▶ Work request: Give the total of lines holding the word "Solid" in the records below, and nothing else.

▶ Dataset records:
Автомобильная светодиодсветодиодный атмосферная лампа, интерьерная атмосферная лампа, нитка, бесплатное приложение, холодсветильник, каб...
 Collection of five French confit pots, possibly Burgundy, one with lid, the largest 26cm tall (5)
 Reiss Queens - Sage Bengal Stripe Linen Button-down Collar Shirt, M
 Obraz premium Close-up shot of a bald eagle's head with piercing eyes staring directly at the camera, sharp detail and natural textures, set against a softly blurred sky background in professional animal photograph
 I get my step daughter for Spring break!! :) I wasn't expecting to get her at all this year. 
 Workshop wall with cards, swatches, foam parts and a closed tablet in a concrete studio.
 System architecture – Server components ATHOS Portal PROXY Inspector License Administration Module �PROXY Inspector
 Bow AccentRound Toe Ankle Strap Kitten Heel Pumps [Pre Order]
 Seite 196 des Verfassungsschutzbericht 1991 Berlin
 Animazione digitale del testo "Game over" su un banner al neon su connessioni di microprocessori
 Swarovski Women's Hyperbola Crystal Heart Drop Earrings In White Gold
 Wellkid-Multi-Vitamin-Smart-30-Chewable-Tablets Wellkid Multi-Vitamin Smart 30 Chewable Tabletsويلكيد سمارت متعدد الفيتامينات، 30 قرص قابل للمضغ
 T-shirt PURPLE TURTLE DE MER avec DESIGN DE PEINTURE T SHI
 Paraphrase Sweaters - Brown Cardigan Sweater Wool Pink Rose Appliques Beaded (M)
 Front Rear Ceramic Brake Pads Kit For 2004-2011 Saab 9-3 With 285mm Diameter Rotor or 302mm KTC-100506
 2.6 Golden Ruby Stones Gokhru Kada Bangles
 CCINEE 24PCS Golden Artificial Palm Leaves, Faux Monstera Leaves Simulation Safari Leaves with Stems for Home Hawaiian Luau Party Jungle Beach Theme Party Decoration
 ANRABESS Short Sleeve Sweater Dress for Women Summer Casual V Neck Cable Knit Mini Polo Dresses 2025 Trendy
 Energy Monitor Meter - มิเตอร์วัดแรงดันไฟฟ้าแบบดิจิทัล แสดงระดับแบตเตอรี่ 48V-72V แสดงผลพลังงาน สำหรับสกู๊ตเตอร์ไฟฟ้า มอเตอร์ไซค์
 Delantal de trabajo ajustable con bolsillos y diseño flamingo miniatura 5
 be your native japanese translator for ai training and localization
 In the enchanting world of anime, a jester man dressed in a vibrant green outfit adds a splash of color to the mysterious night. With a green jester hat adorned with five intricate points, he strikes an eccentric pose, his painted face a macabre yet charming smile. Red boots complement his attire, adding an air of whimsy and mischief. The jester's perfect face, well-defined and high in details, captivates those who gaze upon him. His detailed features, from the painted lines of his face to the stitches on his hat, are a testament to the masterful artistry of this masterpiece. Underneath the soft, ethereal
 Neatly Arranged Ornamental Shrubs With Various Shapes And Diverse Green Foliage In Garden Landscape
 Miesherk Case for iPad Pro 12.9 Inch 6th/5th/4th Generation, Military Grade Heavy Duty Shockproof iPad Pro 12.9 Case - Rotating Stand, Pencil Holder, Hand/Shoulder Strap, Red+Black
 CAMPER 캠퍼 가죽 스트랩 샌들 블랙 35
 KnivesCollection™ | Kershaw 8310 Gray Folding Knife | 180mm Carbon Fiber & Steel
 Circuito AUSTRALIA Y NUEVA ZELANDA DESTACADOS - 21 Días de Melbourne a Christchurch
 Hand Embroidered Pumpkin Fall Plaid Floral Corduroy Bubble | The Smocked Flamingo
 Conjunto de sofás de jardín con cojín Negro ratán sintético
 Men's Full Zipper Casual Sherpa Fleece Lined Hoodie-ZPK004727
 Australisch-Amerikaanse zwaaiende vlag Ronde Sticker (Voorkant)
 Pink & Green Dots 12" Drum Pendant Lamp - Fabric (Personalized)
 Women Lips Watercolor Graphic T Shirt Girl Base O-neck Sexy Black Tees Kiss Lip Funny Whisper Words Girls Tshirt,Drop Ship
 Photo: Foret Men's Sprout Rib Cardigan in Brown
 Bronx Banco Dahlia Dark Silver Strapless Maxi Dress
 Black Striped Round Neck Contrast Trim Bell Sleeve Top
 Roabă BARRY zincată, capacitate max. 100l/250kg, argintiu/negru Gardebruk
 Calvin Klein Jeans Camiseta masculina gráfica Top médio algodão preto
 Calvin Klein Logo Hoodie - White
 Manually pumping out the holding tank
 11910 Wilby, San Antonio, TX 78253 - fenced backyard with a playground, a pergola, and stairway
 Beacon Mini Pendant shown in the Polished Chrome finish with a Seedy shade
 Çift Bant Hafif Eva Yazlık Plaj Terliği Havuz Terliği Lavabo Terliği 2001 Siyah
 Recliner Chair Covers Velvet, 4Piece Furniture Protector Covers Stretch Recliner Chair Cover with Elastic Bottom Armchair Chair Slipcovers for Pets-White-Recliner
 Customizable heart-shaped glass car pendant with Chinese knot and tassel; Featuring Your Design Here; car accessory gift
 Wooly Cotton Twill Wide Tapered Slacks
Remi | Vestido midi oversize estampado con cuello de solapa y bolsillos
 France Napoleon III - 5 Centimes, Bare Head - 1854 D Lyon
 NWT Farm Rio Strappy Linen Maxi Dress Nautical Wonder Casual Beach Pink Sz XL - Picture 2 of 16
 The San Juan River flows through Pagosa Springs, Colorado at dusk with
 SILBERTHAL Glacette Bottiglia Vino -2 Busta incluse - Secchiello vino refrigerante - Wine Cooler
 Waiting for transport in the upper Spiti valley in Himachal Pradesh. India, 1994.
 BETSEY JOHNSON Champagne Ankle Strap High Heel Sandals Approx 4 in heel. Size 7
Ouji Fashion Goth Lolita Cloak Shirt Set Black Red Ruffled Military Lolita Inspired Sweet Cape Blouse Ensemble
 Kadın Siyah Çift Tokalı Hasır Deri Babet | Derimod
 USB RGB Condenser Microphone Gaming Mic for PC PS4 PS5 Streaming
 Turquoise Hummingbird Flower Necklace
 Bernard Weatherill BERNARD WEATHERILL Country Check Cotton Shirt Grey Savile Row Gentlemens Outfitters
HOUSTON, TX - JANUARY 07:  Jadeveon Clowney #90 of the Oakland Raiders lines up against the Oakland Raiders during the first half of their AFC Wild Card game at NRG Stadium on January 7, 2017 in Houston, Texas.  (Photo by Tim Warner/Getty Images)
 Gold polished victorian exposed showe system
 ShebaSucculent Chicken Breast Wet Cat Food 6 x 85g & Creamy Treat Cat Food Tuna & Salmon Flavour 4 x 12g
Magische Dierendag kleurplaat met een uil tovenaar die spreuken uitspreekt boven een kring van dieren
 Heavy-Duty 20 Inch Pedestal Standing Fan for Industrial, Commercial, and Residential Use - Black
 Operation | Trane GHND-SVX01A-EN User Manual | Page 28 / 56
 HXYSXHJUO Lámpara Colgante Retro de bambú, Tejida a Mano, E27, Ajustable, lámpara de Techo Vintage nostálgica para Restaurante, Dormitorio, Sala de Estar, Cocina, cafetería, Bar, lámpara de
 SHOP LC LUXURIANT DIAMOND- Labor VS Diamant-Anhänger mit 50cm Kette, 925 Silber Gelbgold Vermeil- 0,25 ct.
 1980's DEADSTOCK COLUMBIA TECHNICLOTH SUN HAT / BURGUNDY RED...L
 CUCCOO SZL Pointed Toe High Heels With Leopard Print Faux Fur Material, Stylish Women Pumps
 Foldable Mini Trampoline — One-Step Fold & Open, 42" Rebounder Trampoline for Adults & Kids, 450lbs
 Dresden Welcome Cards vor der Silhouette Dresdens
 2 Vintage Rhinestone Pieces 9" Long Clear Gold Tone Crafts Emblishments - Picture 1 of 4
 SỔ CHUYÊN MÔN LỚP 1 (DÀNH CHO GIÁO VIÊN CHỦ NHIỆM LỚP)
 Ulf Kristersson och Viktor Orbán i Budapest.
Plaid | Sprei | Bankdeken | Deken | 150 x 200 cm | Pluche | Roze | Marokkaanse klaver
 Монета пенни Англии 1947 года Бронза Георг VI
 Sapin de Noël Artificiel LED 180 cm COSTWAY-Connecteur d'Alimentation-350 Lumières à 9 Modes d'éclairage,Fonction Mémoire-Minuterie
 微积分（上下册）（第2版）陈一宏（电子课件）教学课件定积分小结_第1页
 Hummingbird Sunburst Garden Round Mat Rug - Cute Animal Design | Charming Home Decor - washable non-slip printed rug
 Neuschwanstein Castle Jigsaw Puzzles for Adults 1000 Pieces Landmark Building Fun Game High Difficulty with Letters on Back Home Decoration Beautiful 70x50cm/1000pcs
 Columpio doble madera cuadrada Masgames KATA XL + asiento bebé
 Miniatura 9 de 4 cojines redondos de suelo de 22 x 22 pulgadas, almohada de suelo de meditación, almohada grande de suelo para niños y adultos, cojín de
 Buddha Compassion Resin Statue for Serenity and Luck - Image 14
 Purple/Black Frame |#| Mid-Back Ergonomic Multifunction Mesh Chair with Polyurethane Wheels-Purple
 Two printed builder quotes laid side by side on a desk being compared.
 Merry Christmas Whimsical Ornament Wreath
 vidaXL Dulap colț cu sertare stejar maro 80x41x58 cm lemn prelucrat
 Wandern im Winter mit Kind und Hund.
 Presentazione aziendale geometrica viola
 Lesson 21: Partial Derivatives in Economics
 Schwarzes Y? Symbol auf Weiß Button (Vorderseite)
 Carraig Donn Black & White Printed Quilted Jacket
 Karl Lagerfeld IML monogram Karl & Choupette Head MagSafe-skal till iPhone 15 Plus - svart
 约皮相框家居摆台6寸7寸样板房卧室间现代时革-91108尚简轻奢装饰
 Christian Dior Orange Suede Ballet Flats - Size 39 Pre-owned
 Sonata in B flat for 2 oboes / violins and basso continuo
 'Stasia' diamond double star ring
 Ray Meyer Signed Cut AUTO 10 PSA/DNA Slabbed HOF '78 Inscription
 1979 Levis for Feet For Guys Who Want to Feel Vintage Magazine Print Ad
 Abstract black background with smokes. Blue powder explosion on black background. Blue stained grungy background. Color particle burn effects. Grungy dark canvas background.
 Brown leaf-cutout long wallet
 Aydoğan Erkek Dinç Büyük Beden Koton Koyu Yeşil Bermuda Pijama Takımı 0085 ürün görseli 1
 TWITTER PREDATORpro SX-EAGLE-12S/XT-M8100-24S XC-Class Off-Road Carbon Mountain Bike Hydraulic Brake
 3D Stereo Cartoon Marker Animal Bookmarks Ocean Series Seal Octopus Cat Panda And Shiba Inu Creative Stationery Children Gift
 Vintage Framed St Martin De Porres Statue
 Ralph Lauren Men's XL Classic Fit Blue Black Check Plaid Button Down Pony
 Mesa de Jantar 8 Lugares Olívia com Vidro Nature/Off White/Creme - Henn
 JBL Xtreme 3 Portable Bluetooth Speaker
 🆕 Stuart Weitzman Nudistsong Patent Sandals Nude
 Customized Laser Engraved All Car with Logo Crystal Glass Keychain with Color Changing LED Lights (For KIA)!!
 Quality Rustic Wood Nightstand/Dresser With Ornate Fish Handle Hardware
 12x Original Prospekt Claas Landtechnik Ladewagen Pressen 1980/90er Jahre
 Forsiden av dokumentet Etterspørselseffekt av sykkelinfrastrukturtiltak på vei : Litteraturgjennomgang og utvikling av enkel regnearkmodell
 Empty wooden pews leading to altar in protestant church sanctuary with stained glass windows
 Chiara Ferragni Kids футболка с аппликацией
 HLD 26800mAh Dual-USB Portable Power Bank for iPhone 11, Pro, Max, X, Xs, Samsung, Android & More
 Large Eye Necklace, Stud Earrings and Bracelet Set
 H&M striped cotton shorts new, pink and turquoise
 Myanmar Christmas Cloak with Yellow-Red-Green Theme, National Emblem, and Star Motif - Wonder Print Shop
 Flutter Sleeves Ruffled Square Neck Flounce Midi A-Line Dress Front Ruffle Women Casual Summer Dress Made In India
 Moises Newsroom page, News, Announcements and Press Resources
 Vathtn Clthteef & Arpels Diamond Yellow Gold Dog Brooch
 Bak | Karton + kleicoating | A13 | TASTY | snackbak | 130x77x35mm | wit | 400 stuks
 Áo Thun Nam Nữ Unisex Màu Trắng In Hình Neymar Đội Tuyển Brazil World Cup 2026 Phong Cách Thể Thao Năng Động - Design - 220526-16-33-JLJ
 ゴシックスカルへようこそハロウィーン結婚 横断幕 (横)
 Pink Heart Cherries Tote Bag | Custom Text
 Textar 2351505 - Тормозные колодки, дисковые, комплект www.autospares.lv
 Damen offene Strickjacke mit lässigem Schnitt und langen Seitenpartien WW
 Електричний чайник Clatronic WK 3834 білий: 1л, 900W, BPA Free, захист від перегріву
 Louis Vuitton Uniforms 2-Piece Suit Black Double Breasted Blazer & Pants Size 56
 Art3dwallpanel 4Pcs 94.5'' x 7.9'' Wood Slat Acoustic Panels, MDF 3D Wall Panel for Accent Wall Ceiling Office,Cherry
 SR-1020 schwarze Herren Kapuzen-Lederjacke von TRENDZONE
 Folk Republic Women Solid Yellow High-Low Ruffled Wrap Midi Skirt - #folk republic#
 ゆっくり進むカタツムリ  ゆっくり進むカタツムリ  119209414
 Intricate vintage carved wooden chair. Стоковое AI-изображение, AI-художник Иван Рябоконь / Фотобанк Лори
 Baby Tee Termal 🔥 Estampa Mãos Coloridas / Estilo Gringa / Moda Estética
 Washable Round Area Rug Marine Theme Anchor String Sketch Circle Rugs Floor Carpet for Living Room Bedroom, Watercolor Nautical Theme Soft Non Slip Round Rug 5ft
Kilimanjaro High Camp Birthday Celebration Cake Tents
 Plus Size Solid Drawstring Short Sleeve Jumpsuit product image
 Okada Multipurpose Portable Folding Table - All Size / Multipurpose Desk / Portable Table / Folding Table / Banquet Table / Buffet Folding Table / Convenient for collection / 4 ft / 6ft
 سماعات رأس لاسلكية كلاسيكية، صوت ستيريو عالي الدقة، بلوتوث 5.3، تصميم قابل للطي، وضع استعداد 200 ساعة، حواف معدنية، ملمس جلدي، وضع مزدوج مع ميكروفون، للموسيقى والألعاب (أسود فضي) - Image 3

▶ Response for this exercise: 2